The node QualifierFilter defines the rules for the qualifiers to be included into or excluded from the index. The order of the rules is important - the later records have priority. To index just a few designated qualifiers and avoid indexing the rest, first, disable indexing for all qualifiers. For example, to stop indexing marker qualifiers use this:

      <QualifierFilter Type="MARKER" Indexing="false" />

After this, list the qualifiers that need to be indexed, for example:

      <QualifierFilter Type="MARKER" Name="CLNDN" Indexing="true"/>

The instruction above turns the indexing on for the marker qualifier "CLNDN".

Accordingly, if you want to index all qualifiers except some, first, allow the indexing for all qualifiers and then set Indexing to off for the selected ones.

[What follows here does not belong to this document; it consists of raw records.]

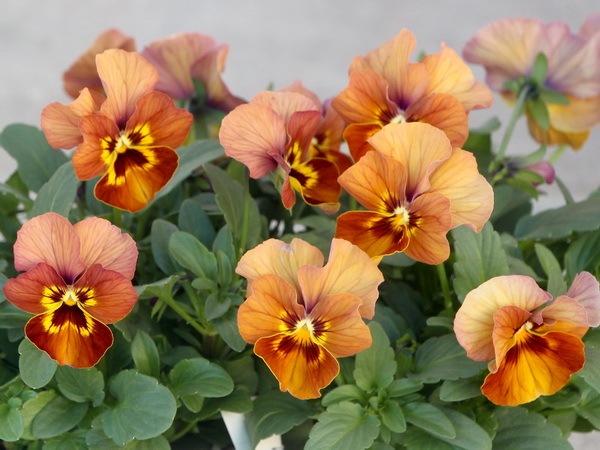 ビオラ・なごみももか「しんしん」3番(3.5号ポット)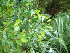  ( - NZANG226)  @11 [ ] Copyright (2081) Chrissen EC Gemmill University fo Waikato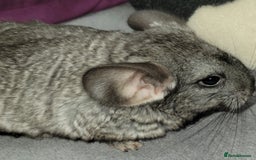 Chinchilla rodents for sale:  female baby chinchilla - Image 2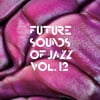 Various Artists - Future Sounds Of Jazz Vol.12 - Jazz - Vinyl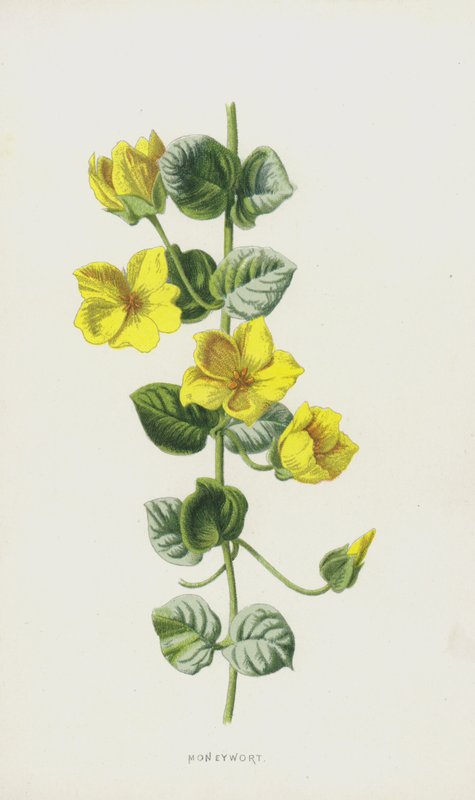 Geldkraut von Frederick Edward Hulme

      <QualifierFilter Type="MARKER" Name="alleles" Indexing="false"/>

The rule can also include the type of the qualifier value. Some of them can be read as a pure floating point number or as an integer, with no additional text. Most likely, such values will not be searched for literally, so it makes perfect sense to mask them from indexing (this is by default now, no need to type this text anymore):

      <QualifierFilter Floats="true" Indexing="false" />
      <QualifierFilter Integers="true" Indexing="false" />

A general format for the QualifierFilter is: 

<QualifierFilter Type="{ANNOT/MARKER/empty}" Name="{qualname/empty}" Indexing="{true/false}" FloatingPoint="{true/empty}" Integer="{true/empty}" />

Use the command 'list marker_qualifier' or 'list annotation_qualifier' to see the values stored under particular qualifiers. This will help you decide whether the indexing of some qualifiers can be skipped.

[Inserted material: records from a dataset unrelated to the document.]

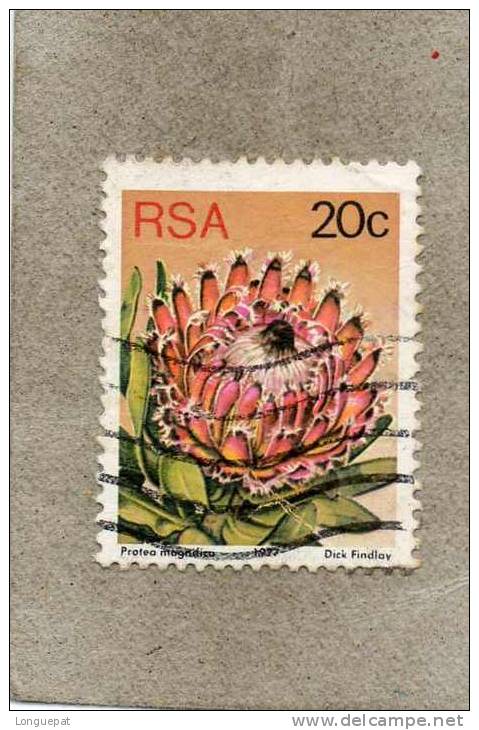 AFRIQUE Du SUD : Fleurs : Protea Magnifica Ou Reine Protea- Famille Des Proteaceae - Usati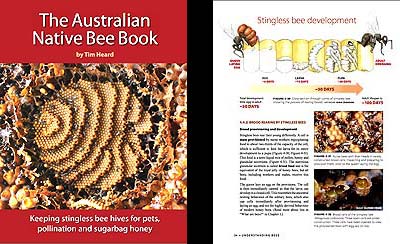 The Australian Native Bee Book by Tim Heard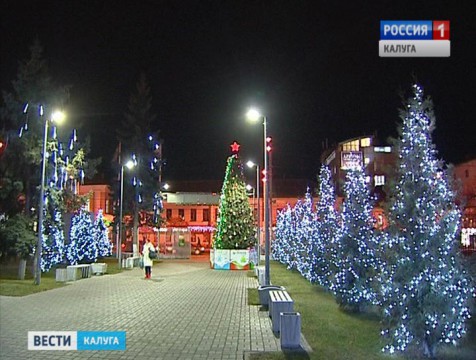Новогодняя ночь в регионе будет морозной, но без снега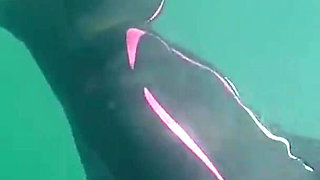 Diving in My Shiny Two-piece Wetsuit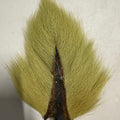 Light Olive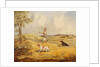 Partridge Shooting by Henry Thomas Alken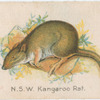 N.S.W. [New South Wales] Kangaroo Rat.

Masking entire tracks from indexing

Another way of reducing the size of the Solr index is masking certain tracks using the instruction IsSearchable=false in the INI file during loading the data or later, by running the command 'searchindex skip'.

Sync vs. rebuild

The command 'searchindex sync' finds the discrepancy between the objects in the database and the Solr index and makes the necessary synchronization by removing or adding the items. It is important to understand that the comparison is done on the level of track. This means that if some qualifiers are deleted or added after the track has been created, the 'sync' command will not see the difference - the track itself will remain. To update the index after manipulating the qualifiers (by adding/removing to the QualifierFilter rules or adding/removing the qualifiers themselves), we have to issue 'searchindex rebuild' command, which may take considerably longer. So, please give a good thought before engaging the QualifierFilter rules. Anyway, if you modify the rules and do not "rebuild" the corresponding index, the new rules will be applied only to the newly added items.

Sync vs. deepsync

The process of indexing can be done in parallel with the data loading procedure. This concurrency introduces a risk that the data being loaded are indexed partially - indexing a track can be finished before it is completely loaded. The Solr index will contain the record for the track, so a regular 'sync' command will not recognize that the index is incomplete. To overcome this limitation, we introduced a command 'deepsync' that, besides checking for the existence of a track', will also compare the count of the features and, in case of mismatch, will trigger rebuilding the index.